Abstract

Solitary fibrous tumor (SFT) is a rare primary central nervous system neoplasm that usually presents as a dural-based mass. Awareness of the entity is limited by the rarity of the tumor which renders it prone to misdiagnosis. We present two cases of SFT located in the right parafalx and intraventricular region. The cases were classified as WHO grade 1 and grade 2, respectively. The present study discusses the radiological, histomorphological, and immunohistochemical features of SFT, with emphasis on potential diagnostic pitfalls that may lead to erroneous diagnosis.

1. Introduction

Solitary fibrous tumor (SFT) is a mesenchymal tumor of fibroblastic type showing a rich branching vascular pattern with a histopathological spectrum including tumors previously classified separately as meningeal solitary fibrous tumor and hemangiopericytoma (HPC) [1, 2]. The revised 4th edition of the World Health Organization (WHO) classification of tumors of the central nervous system merged the two previously distinct diagnostic entities into a single category designated, solitary fibrous tumor/hemangiopericytoma [2]. The latest WHO classification has seen this category being designated as “solitary fibrous tumor” to align with the nomenclature used outside the central nervous system (CNS) [1]. This change is supported by a shared molecular hallmark, the chromosomal inversion at the 12q13 locus, which fuses the NGFI-A-binding protein 2 (NAB2) and the signal transducer and activator of transcription 6 (STAT6) genes [3]. NAB2-STAT6 fusion variants have been identified and are grouped into two major variants: NAB2 exon 4-STAT6 exon 2/3 and NAB2 exon 5/6/7-STAT6 exon 16/17/18 based on clinicopathologic features [46]. SFTs with NAB2 exon 4-STAT6 exon 2/3 fusion variants are often located in the pleuropulmonary area and are less cellular with low mitotic activity and abundant background collagen.

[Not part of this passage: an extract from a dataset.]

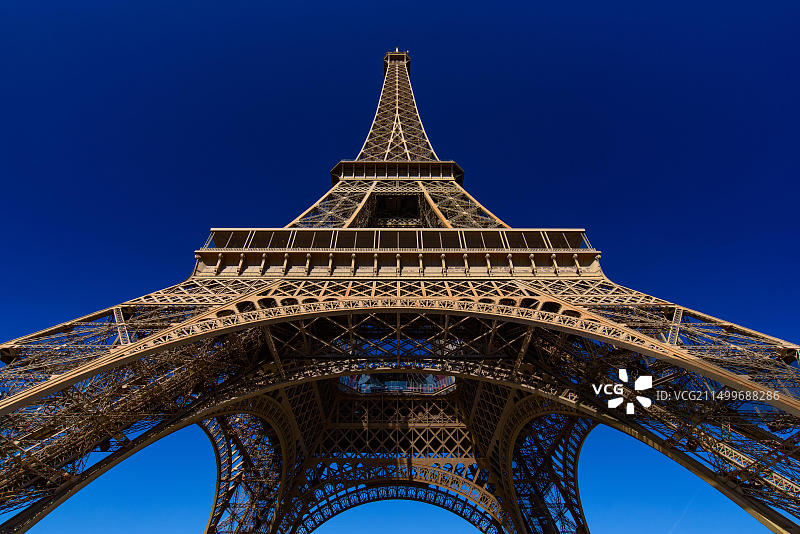 巴黎晴空下的埃菲尔铁塔图片素材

NAB2 exon 5/6/7-STAT6 exon 16/17/18 fusion variants on the other hand are associated with SFT development in the meninges and deep soft tissue and are associated with hypercellularity and recurrent tumors [46]. Both fusion variants have been reported in the meningeal SFTs [1]. The NAB2:STAT6 fusion results in diffuse and intense nuclear expression of STAT6 serving as a highly sensitive and specific immunohistochemical hallmark of SFT [1, 3].

The initial cases of SFT were reported in the pleura, and subsequently, extrapleural cases have been identified in various locations, including the lung, pericardium, mediastinum, soft tissue, and central nervous system [7]. Central nervous system SFT has been reported in isolated reports throughout different areas such as the tentorium cerebelli, frontal convexity, falx cerebri, cerebellopontine angle, suprasellar region, and ventricles [8, 9]. The majority of the reported cases in the central nervous system are dural-based, with a smaller portion presenting as subpial, intraparenchymal, or intraventricular tumors with no dural connection [10].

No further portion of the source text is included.